- Opening Delimiter -

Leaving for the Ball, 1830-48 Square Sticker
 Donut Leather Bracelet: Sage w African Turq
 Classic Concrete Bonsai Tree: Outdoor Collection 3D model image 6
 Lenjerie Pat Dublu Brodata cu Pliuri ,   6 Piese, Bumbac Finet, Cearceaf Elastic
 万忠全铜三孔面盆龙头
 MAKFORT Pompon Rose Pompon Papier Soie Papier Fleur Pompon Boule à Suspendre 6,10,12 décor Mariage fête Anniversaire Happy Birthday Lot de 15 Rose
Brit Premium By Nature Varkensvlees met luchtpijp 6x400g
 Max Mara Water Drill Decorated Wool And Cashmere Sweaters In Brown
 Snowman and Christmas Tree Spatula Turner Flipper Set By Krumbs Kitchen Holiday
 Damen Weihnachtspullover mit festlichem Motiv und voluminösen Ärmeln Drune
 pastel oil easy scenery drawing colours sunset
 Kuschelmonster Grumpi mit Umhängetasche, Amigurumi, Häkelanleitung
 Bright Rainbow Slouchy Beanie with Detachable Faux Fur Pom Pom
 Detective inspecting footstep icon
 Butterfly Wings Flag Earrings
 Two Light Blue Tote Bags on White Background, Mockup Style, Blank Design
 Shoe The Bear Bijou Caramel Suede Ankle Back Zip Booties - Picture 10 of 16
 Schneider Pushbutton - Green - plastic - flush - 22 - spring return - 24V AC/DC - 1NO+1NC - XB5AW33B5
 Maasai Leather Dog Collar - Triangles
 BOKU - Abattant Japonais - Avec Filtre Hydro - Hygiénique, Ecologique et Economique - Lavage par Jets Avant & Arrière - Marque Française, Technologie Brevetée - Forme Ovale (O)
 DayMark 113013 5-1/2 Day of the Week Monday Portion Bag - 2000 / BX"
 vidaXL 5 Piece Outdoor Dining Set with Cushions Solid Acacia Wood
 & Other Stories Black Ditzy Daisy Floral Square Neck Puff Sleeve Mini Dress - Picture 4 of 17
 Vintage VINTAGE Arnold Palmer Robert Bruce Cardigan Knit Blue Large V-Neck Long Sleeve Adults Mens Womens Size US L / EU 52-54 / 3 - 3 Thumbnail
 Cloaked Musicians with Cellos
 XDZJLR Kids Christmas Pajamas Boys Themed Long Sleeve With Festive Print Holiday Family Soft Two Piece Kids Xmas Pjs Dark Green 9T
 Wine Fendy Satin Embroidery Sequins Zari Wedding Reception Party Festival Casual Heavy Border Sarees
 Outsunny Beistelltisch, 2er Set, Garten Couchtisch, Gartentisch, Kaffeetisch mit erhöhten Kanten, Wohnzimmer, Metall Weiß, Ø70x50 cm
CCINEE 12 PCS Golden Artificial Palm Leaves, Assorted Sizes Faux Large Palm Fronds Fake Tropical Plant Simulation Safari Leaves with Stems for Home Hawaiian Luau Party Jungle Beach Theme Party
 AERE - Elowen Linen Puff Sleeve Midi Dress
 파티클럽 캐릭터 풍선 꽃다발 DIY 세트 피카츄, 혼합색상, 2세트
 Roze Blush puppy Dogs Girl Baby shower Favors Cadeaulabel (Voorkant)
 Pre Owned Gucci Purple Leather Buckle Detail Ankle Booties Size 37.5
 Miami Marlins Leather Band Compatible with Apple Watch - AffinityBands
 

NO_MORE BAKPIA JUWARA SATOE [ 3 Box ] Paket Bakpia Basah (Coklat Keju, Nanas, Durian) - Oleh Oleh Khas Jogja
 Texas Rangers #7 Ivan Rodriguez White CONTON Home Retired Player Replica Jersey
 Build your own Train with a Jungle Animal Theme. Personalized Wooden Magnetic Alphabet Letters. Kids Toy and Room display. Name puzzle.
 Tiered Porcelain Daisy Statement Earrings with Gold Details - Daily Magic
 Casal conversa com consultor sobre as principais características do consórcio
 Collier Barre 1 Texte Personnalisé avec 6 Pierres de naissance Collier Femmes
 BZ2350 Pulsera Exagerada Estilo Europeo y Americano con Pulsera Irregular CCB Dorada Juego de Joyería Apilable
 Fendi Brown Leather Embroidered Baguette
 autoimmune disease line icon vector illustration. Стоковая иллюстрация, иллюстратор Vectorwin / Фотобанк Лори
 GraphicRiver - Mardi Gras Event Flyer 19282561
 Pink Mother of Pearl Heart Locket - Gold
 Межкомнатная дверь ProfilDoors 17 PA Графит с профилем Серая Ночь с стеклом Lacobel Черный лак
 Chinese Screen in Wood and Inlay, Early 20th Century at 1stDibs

- Closing Delimiter -

▶ **Required work**: Scan the material above. Copy each line where "Brown" occurs.

▶ **Answer below**:
 Max Mara Water Drill Decorated Wool And Cashmere Sweaters In Brown
 Fendi Brown Leather Embroidered Baguette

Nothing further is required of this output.